DATA SHOWN –
· · · · ·
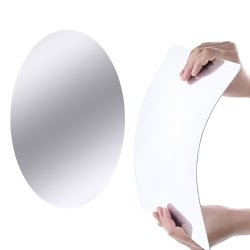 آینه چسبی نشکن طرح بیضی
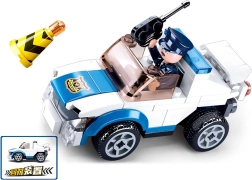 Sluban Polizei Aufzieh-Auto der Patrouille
· · · · ·
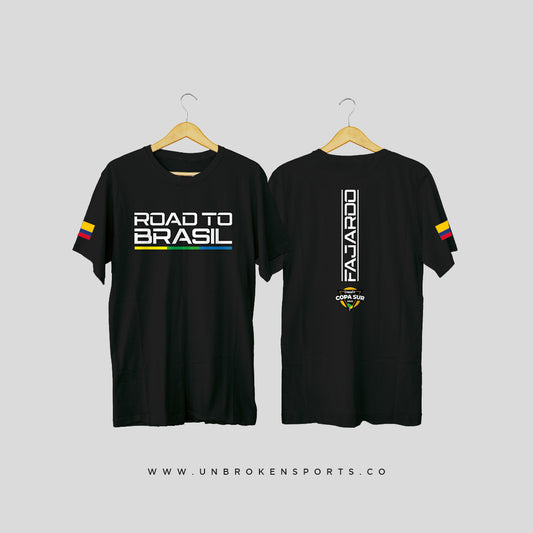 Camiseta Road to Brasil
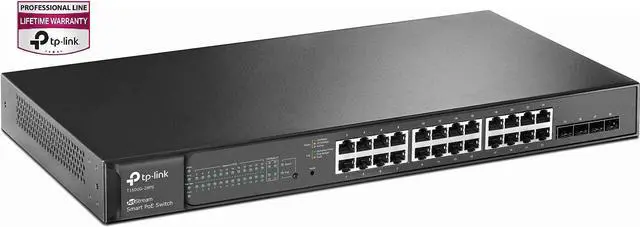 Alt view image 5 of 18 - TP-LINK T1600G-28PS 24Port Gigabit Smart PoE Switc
· · · · ·
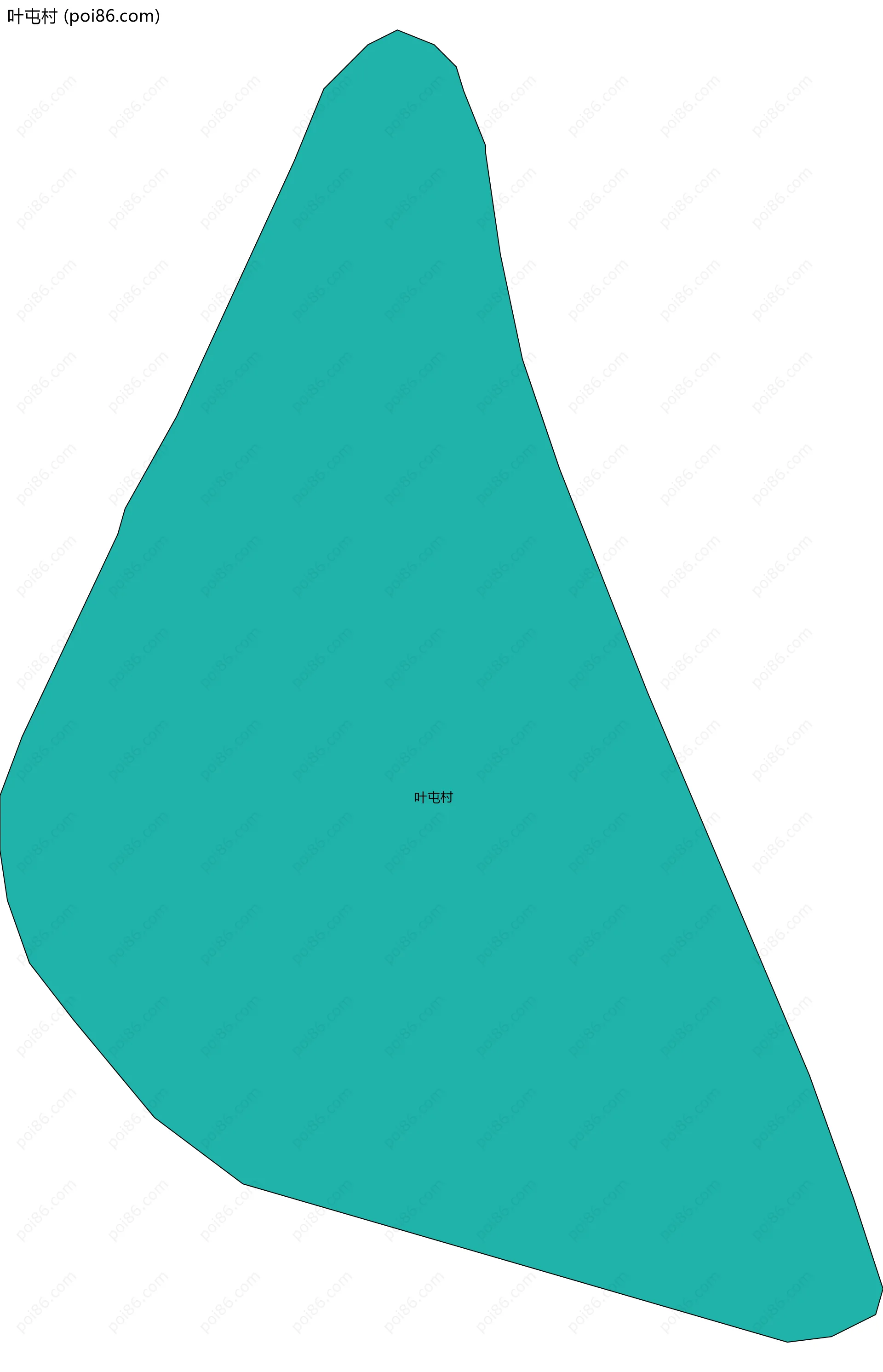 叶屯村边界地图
· · · · ·
WHAT TO PRODUCE – Of the lines above, copy only those from the one holding "Camiseta Road to Brasil" to the one holding "Alt view image", both included, and exclude every image.

SOLUTION TO THIS PROBLEM –
 Camiseta Road to Brasil
 Alt view image 5 of 18 - TP-LINK T1600G-28PS 24Port Gigabit Smart PoE Switc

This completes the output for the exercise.